Scientists, from the National Institute of Allergy and Infectious Diseases of the National Institutes of Health, reported that the ever-changing “head” of the flu virus protein has an unexpected Achilles’ heel. The team found and identified the structure of a naturally occurring human antibody that recognizes and destroys part of the hemagglutinin (HA) protein used by the virus to enter and infect cells. In addition, the researchers found that the antibody, called FluA-20, binds closely to a region of the globular head of the HA protein, which is only attacked by antibodies for a short period of time.

Image from Cell

James E. Crowe, M.D., professor at Vanderbilt University Medical Center in Nashville, Tennessee, and Ian A. Wilson from Scripps Research Institute in San Diego, California, led the team. They isolated FluA-20 antibodies from a person who had received multiple flu vaccinations. In a series of experiments, they found that FluA-20 could “enter” parts of the HA trimer molecule that could not otherwise be entered and split, preventing the virus from spreading between cells.
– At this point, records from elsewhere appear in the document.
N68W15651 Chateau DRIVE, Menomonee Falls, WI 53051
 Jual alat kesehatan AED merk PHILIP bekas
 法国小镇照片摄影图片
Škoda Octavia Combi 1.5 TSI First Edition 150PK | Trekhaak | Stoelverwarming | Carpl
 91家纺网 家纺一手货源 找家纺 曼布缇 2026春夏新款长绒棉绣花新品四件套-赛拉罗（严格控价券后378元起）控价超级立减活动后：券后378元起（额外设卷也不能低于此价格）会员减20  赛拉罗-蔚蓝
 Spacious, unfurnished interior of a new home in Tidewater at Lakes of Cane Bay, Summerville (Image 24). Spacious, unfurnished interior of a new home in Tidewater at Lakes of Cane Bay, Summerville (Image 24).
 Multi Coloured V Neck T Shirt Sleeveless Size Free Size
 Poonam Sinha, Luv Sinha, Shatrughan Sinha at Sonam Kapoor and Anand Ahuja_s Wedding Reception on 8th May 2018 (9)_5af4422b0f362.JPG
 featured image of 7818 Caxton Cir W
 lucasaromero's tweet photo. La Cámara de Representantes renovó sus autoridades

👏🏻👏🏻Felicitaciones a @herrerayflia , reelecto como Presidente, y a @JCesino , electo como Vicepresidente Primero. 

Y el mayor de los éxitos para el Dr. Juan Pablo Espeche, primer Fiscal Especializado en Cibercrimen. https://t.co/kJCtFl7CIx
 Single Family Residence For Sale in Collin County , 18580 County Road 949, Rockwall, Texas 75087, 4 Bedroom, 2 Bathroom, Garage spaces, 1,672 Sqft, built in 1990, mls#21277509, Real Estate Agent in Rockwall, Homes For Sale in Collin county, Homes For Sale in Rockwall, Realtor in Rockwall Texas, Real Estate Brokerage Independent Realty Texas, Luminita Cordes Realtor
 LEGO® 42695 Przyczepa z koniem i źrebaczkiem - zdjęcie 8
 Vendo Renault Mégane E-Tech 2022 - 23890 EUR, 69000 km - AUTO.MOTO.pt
This finding is surprising because the trimer HA region is thought to be stable and antibodies cannot enter. In addition, this region is different from other areas of the head of HA and does not change much between different strains. So, in theory, antibody therapy for this precise region is effective for many influenza A strains. Similarly, vaccines designed to induce antibodies to this goal may provide long-term protection against any influenza strain, potentially eliminating the need for annual seasonal influenza vaccination.

In mouse studies, FluA-20 can prevent infection or disease when animals are exposed to four different subtypes of influenza A virus. The two viruses used in the experiment, H1N1 and H5N1, are the first influenza subtypes, while the other two viruses, H3N2 and H7N9, belong to the second class. Current flu vaccines must contain viral components from both subtypes in order to trigger matching antibodies. A single vaccine that produces powerful antibodies to both groups of viruses can provide a wide range of long-term protection against influenza.